* _Assignment_: Restate every line of the data word for word, except for the images.

* _Source records_:
------
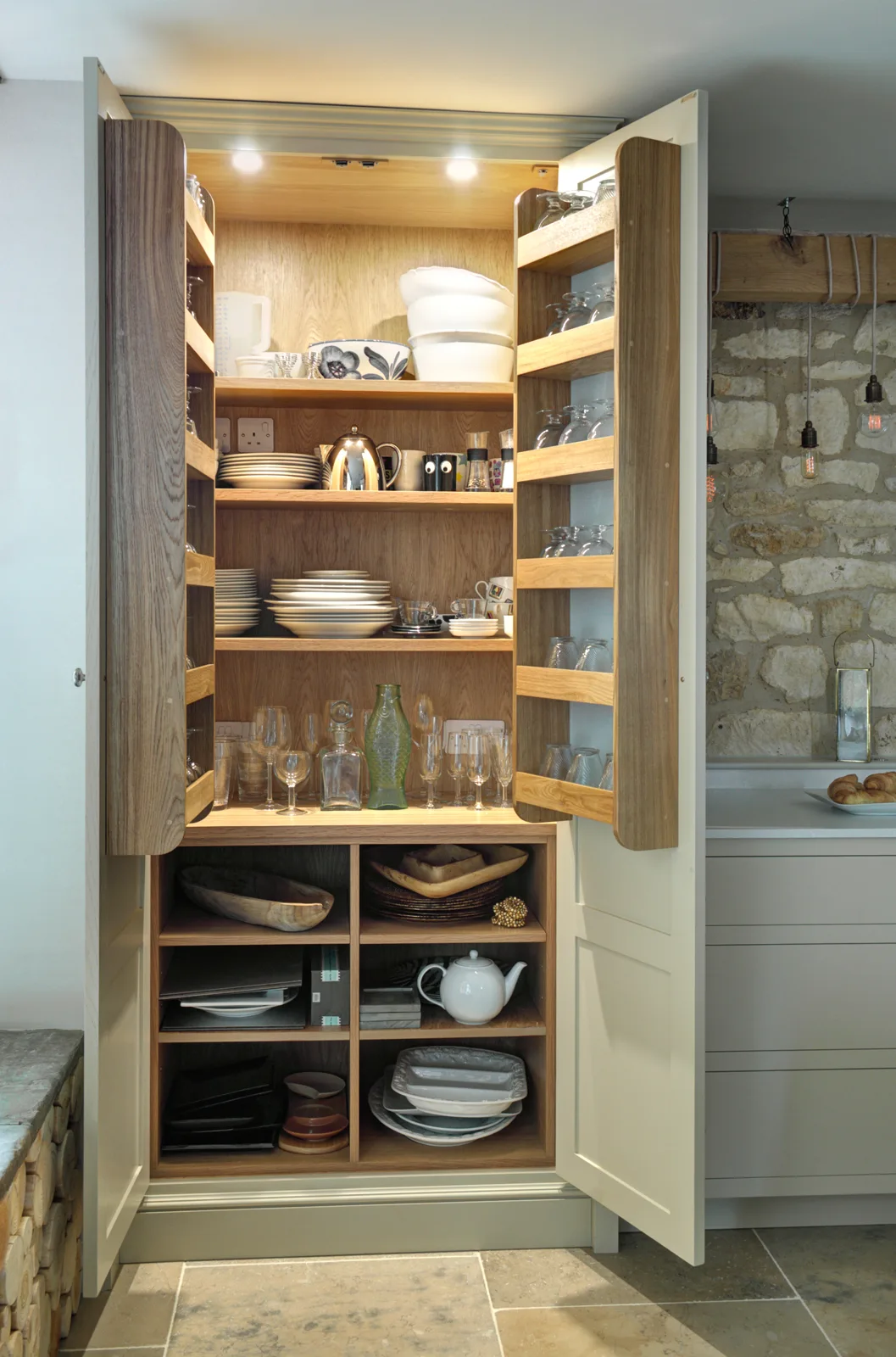 Selected Obsidian kitchen and bathroom project photography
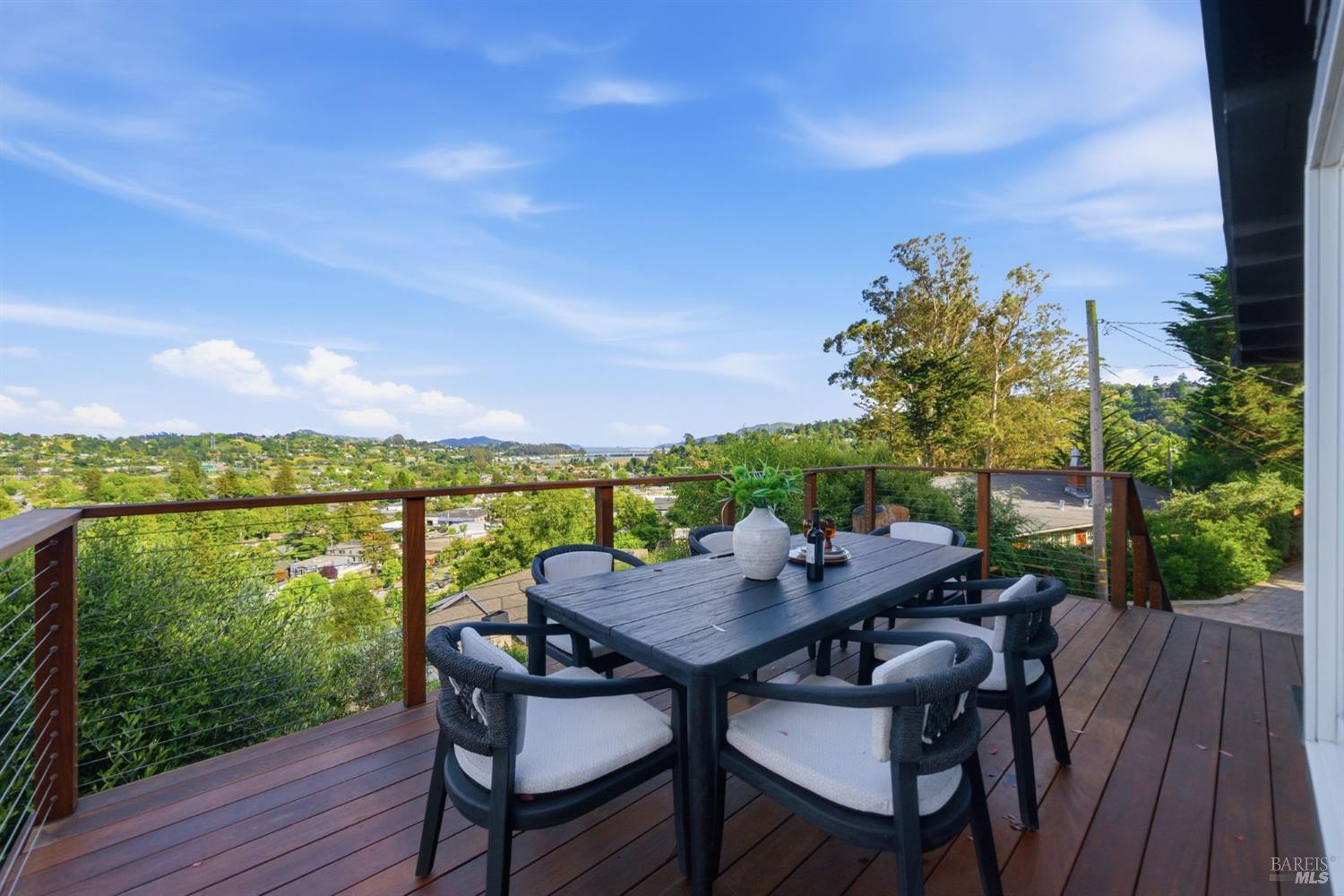 Detail Gallery Image 6 of 88 For 439 Molino Ave, Mill Valley,  CA 94941 - 4 Beds | 2 Baths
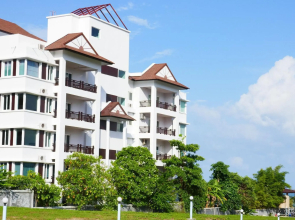 Khanom Beachfront Apartment 1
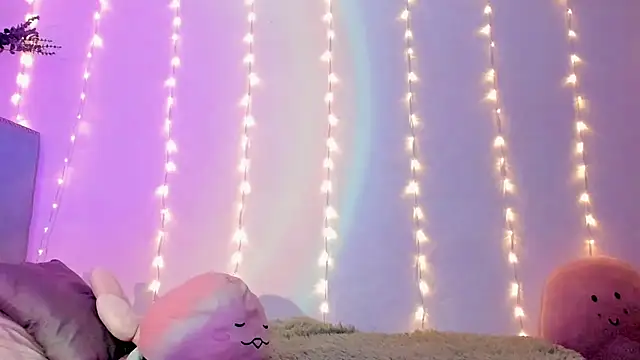 damn that booty online show from February 4, 2:09 pm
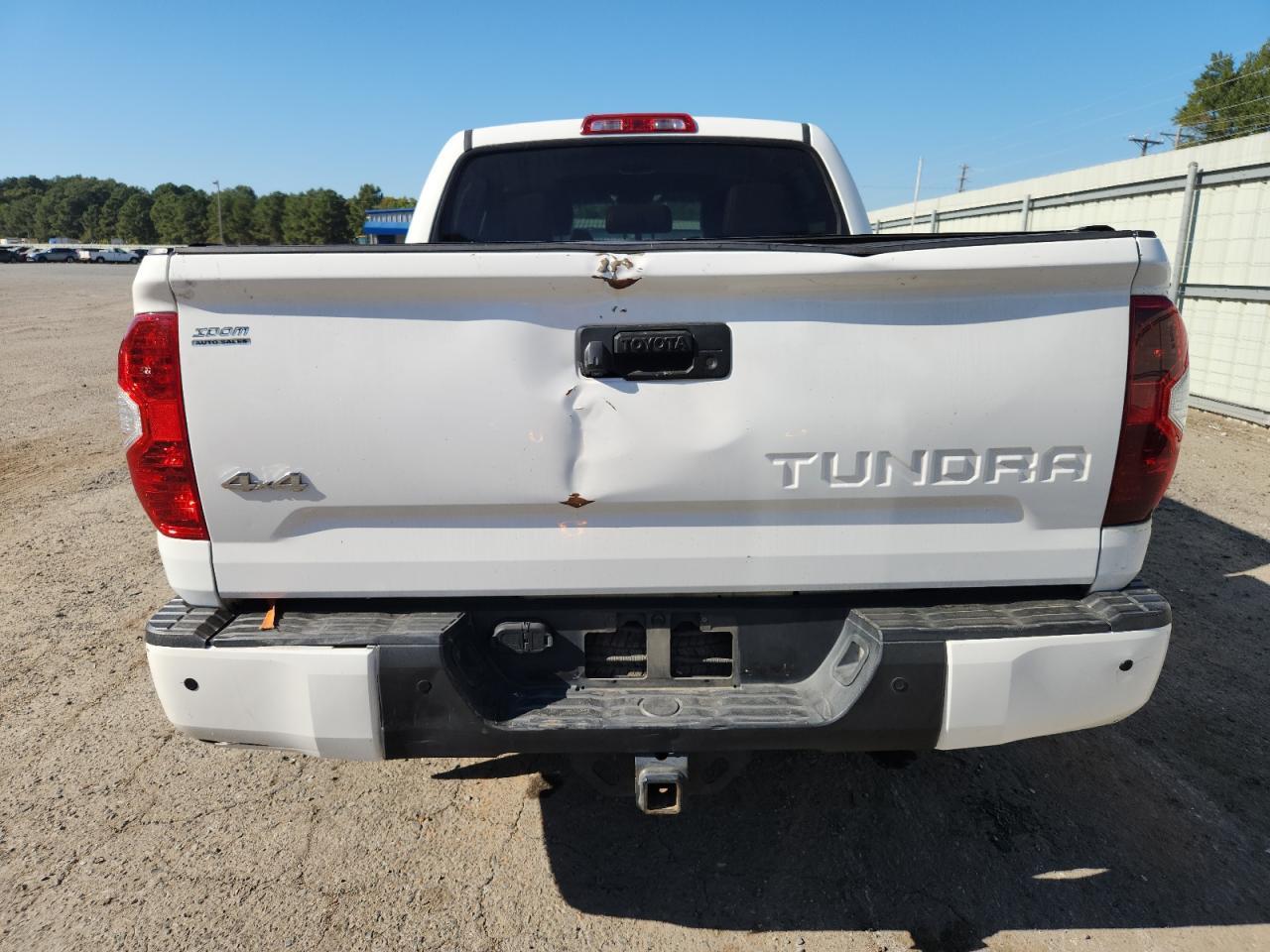2016 TOYOTA TUNDRA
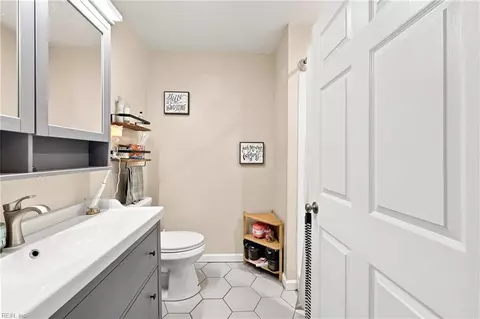 Bath - 1168 Pascal Pl, Norfolk, VA 23502 photo 1 of 4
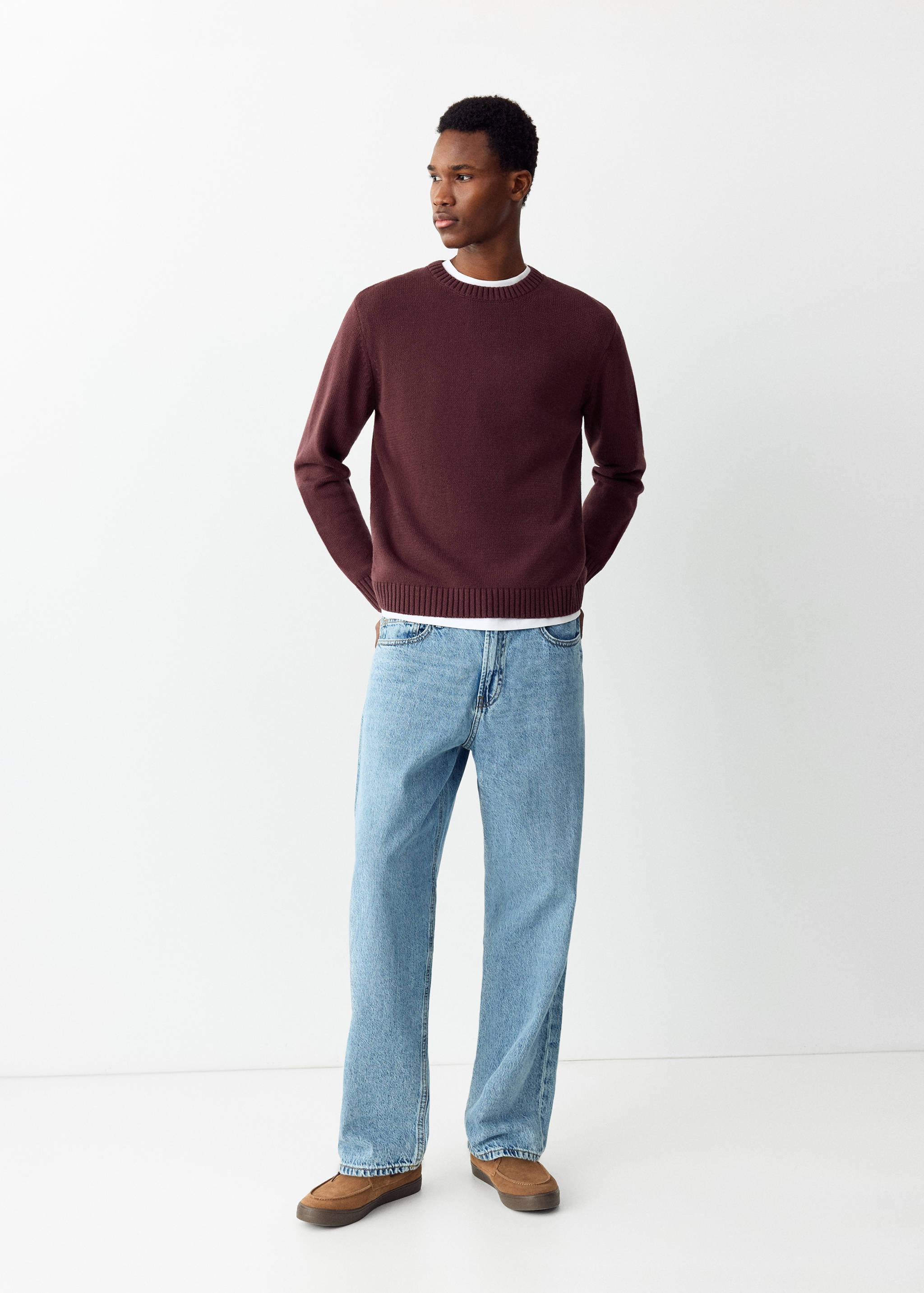Medium-knit sweater - General plane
------
* _Exercise response_:
 Selected Obsidian kitchen and bathroom project photography
 Detail Gallery Image 6 of 88 For 439 Molino Ave, Mill Valley,  CA 94941 - 4 Beds | 2 Baths
 Khanom Beachfront Apartment 1
 damn that booty online show from February 4, 2:09 pm
2016 TOYOTA TUNDRA
 Bath - 1168 Pascal Pl, Norfolk, VA 23502 photo 1 of 4
Medium-knit sweater - General plane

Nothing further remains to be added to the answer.